CONTAMINACIÓN PSICOLÓGICA
A cada tiempo le corresponden distintas formas de presión sobre la libertad individual. Al siglo XXI parece que una de ellas es la de actuar sobre la vulnerabilidad de las personas para que consuman lo que el mercado les imponga, aunque no lo exijan sus necesidades, ya que el dominio de la sociedad paulatinamente va inclinándose hacia el poder de las multinacionales del mercado, quienes tras haberse adueñado en gran parte del derrotero político ahora lo hacen de la voluntad popular, claro que de forma que ni el mismo pueblo se percate de que está siendo influenciado, no sea que responda rebelándose. Para ello una importante división de la estructura de negocio se está especializando en la presión psicológica a los ciudadanos para fidelizarles en la ansiedad del máximo consumo que quepa en los límites de cada economía. Para conseguirlo el medio elegido es una publicidad activa que penetre en sus comunicaciones, sus hogares, su descanso y en las demás relaciones ciudadanas, frente a la publicidad pasiva de la segunda mitad del siglo pasado, que se considera superada para alcanzar las necesidades de consumo que se quieren imponer.
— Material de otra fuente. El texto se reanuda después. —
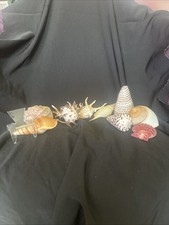 9 Different Extremely Unique Sea Shells￼ picture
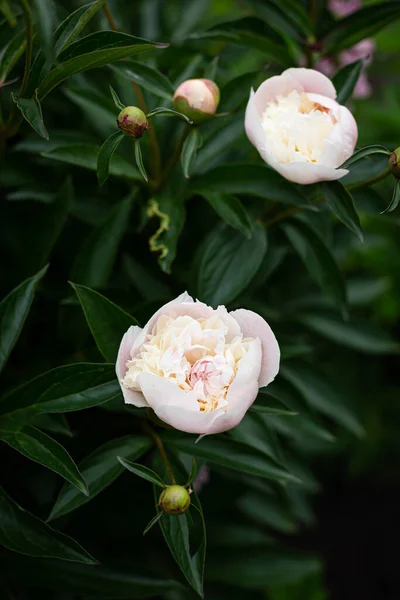 Flor Peônia Branca Delicada Com Pétalas Macro Para Fundo Floral — Fotografia de Stock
Considerando que el consumo influye de modo determinante sobre el hábitat humano, el crecimiento desproporcionado del mismo no deja de ser tan relevante para la sostenibilidad del entorno natural como cualquier otro que propicia una degeneración ambiental; así se podría alinear con la deforestación, el incremento de las emisiones de CO2 a la atmósfera, la gestión de residuos, los residuos nucleares, etc. Identificándolo de esta manera, la presión sobre las personas para que consuman resultaría una nueva forma inadvertida de contaminación del hábitat, la que para vender se ejerce alterando el sosiego psicológico, cuando no el estado de ánimo, del posible comprador.
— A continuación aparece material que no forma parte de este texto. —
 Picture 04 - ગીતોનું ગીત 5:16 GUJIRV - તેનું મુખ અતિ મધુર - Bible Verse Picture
Como toda publicidad, también la activa su planifica considerando que va a captar la atención de un mínimo porcentaje de posibles consumidores, para cuyo éxito requiere una injerencia masiva de actuaciones, tanto como en la publicidad pasiva, con la diferencia que en ésta la atención depende de que el ciudadano preste su complicidad, no así en la activa que interpela al consumidor cuando el mismo está ocupado en cualquier otro menester. Así las llamadas telefónicas, las visitas domiciliarias, la interpelación callejera, la invasión vía spam al correo o celular, o cualquier otra forma de invadir en la ocupación o descanso de un ciudadano que le distraiga de su menester influye sobre su estabilidad psicológica si, como ocurre en la actualidad, la multitud de negocios que recurren a este modelo de publicidad genera que sean continuas las interferencias que producen sobre el quehacer particular de las personas. Cuando estas prácticas se suceden hora tras hora, y día tras día, el grado de afectación a las personas puede conducir a trastornos sobre el equilibrio emocional, en especial cuando afectan a su concentración o periodos de descanso. Téngase en cuenta que no toda la ciudadanía necesariamente sigue las rutinas más comunes, por lo que quienes, por ejemplo, planifican los horarios supuestos más prácticos de llamadas telefónicas no conocen si el destinatario de su llamada sigue pautas muy distintas en sus horarios, o si quien es perturbado por la información vía email le supone ocupación de un espacio necesario de su memoria electrónica.
La justificación que los departamentos de comunicación de las compañías mercantiles y las agencias de publicidad hacen del derecho a la información como servicio ciudadano deja de serlo cuando supone una agresividad indeseada para muchos ciudadanos, lo que hace que la publicidad directa no pueda considerarse legítima salvo que sean los destinatarios quienes solicitan le sea servida esa información. Distinto es la publicidad pasiva en anuncios de publicaciones, cartelería, medios de comunicación y similares, donde cada ciudadano puede libremente decidir prestar o no su atención. Que la publicidad directa contra las personas pueda ser más eficaz desde el punto de vista comercial no justifica la contaminación psicológica que repercute sobre el derecho de las personas a disfrutar de su hábitat en paz.